# Data shown
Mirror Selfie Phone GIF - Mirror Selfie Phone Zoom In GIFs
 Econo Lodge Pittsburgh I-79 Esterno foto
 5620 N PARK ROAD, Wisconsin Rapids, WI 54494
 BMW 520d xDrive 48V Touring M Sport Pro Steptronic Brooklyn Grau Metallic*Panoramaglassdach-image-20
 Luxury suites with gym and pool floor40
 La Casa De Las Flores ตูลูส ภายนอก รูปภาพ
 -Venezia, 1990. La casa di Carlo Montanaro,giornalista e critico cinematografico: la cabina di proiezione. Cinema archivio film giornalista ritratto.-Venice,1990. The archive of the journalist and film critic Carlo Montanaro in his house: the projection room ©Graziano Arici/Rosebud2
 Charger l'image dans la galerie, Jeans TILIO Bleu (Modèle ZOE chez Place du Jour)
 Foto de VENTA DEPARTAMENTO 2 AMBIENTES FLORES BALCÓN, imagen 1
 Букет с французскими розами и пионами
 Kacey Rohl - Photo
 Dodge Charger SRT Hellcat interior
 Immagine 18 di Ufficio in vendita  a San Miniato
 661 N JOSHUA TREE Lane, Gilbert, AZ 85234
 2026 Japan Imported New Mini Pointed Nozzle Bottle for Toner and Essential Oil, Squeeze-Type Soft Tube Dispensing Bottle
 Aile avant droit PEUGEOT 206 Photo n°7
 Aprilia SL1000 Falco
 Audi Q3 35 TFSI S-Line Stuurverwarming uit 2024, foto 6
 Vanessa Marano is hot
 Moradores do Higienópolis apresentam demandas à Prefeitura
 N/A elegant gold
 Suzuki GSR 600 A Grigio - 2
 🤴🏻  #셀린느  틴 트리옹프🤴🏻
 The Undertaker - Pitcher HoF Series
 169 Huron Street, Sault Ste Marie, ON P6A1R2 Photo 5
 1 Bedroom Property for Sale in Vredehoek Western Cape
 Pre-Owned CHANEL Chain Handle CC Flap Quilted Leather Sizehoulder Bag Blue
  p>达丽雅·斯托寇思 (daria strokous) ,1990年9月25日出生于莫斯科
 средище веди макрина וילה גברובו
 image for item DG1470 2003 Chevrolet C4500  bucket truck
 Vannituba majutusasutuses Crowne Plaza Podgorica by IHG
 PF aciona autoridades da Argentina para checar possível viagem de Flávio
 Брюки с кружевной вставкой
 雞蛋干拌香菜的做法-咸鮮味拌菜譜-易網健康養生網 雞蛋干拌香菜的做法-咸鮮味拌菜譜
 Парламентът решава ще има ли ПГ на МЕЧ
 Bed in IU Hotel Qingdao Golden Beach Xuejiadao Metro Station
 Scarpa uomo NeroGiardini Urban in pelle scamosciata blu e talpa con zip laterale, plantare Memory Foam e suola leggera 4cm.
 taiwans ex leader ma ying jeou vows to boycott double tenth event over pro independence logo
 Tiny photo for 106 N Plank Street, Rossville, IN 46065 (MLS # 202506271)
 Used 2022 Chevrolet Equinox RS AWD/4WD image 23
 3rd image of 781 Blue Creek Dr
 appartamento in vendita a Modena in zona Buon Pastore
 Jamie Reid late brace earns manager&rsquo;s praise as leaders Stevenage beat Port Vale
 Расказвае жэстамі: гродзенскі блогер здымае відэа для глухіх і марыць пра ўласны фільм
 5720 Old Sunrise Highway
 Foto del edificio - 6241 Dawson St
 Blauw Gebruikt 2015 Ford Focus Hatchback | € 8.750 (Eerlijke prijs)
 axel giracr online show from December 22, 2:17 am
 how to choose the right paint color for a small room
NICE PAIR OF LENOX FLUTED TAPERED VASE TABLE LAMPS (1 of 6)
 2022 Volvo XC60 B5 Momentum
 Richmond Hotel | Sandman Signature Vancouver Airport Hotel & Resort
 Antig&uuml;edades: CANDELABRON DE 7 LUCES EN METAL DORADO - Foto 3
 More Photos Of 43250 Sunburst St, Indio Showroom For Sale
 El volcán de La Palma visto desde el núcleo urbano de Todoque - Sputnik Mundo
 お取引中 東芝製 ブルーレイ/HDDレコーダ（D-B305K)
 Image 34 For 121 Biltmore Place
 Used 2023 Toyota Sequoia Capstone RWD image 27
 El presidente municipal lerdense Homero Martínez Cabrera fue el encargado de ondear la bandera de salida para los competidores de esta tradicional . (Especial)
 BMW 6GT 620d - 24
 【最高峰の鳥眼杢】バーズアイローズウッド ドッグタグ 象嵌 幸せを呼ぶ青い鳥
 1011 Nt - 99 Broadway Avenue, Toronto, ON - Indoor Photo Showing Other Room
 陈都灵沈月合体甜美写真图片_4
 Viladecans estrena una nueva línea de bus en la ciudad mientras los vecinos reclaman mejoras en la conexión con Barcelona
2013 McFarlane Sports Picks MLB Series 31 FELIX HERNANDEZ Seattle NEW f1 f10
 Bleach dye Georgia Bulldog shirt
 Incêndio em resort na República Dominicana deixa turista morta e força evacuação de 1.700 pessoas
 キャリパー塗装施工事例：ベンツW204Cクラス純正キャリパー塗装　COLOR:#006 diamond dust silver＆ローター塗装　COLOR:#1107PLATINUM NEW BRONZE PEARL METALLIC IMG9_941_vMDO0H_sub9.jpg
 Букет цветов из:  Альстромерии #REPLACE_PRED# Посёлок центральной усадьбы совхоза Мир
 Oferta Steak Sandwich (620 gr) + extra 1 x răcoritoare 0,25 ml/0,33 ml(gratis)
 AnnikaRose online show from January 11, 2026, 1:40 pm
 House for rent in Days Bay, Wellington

# Assigned task
Report how many lines in the listing above contain the string "vendita", giving the number alone.

# The completed task
2